We have obtained global and phosphoproteomic data with matching next generation sequencing data for 18 patient-derived xenografts (PDXs) representing the major clinical subtypes of BC. Our workflow starts with the creation of several protein sequence databases that serve as a template for mass spectrometry database identifications. These databases include 1) completely annotated reference protein sequences, 2) patient-specific databases that were created using next generation sequencing data, 3) isoform databases that contain all possible splicing combinations, and 4) amino acid sequence database resulting from a six-frame translation of the entire human reference and customized genomes. All mass spectrometry raw data are searched against the databases for obtaining identifications at the peptide level, and assembly of peptides for quantification using taxonomy-based label-free quantitation (LFQ) that can specifically quantify unique human peptide sequences found in PDXs. The peptides are then mapped to the human genome and visualized using a genome browser. Quantitative changes across PDXs are presented at the protein level or at the isoform level via peptide role-up to specific exons and visualized as a quantitative data track.

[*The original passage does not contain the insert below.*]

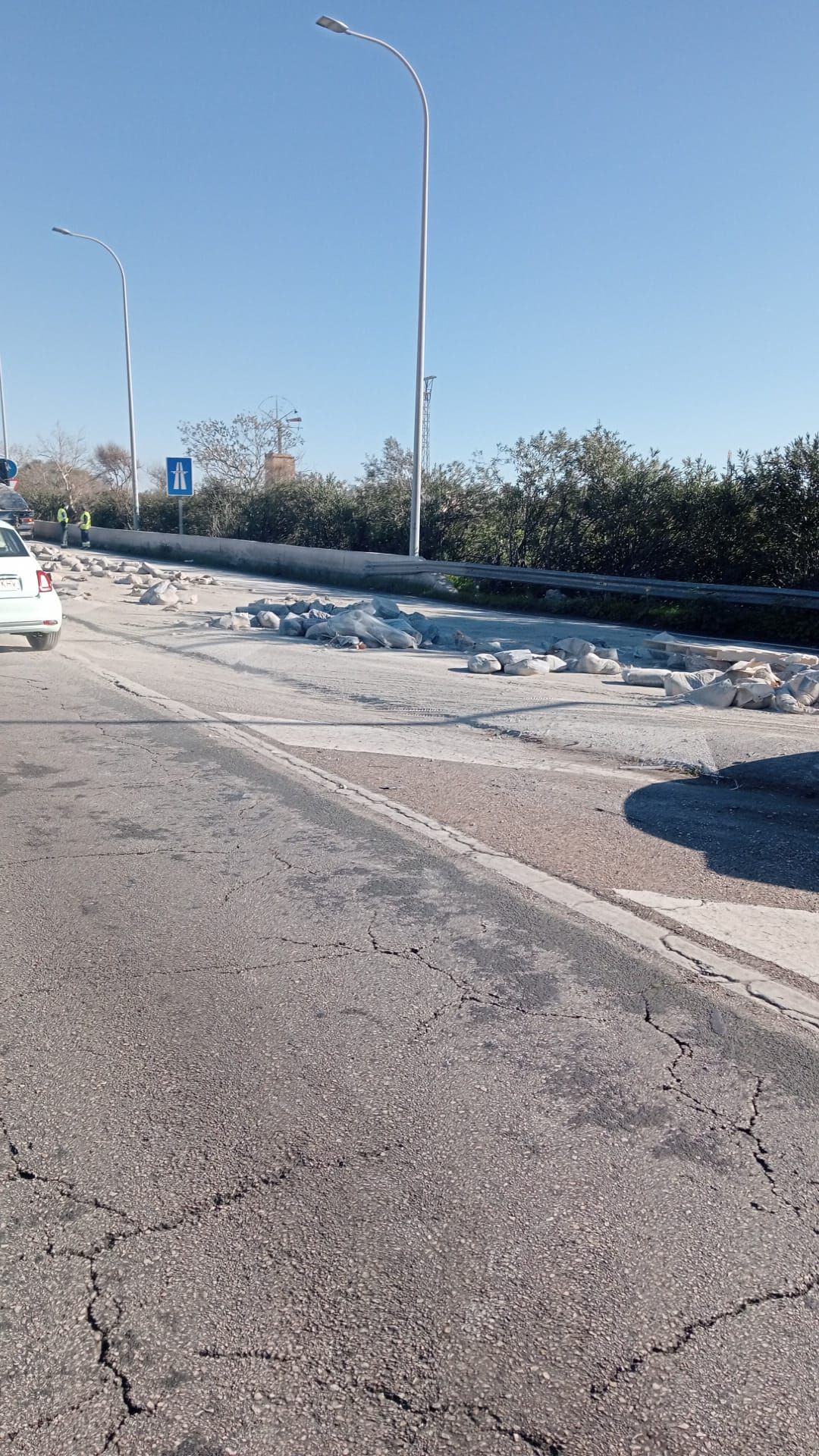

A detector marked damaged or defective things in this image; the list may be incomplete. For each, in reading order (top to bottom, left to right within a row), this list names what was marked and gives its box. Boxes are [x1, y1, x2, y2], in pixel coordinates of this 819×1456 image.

By combining search results from these databases we obtain a comprehensive view of our PDXs. The complementary nature of the databases enable greater proteomic depth, i.e. databases with complete splicing combinations capture proteomic evidence when patient-specific databases fail due to possible erroneous RNA-seq reads. Similarly, 6-frame translated amino acid databases can capture potentially novel coding regions but are unable to detect splicing. Peptide maps are obtained for individual genes or specific protein isoforms covering both knowledge-driven and novel genomic annotation types. We compile peptides carrying variants, splice junctions, fusions, and new coding regions specific to each PDX or in common with a specific BC subtype. Majority of data is mapped back to the genome loci using unmodified peptides via global proteomics while phosphopeptides that contain variants and splicing are also mapped in a similar manner using phosphoproteomic data.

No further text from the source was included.